Legal Aid A Loan, So Why Do You Lose Your Right To Choose?
By Michael Bott
As has been mooted for some time, the state is now to charge interest for the provision of legal aid services to people accused by it of committing crimes (Stuff, 31 October 2013). This underscores the fact that legal aid is seen by the state as a loan, which people must pay back.
But there is something dodgy about this. Under the changes to the legal aid scheme brought in by then Justice Minister Simon Power, people if they required a grant of legal aid to defend themselves in terms of most offences, lost the right to choose their lawyer. Defence counsel are now assigned by the state, with over 50% of all defence assignments given by the state to its own Public Defence Service. This seems to run counter to the government's belief about market choice that it promotes in other areas.

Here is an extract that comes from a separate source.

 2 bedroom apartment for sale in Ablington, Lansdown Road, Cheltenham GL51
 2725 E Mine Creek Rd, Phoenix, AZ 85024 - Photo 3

There is something blatantly wrong when you have a free market government, that trumpets the beneficial effect of the market in terms of its assets sale programme for example, yet when it comes to the provision of legal services, it moves to prevent people from selecting counsel of choice. Further, If you require a loan to build your house or put on an extension, the bank doesn't choose your builder.
Why is it then, that if you require a state loan (legal aid) to run your defence, that the state removes your right to choose your lawyer? Surely your liberty is more important than an ensuite or a conservatory, therefore your right to choose your own lawyer should be even more fundamental?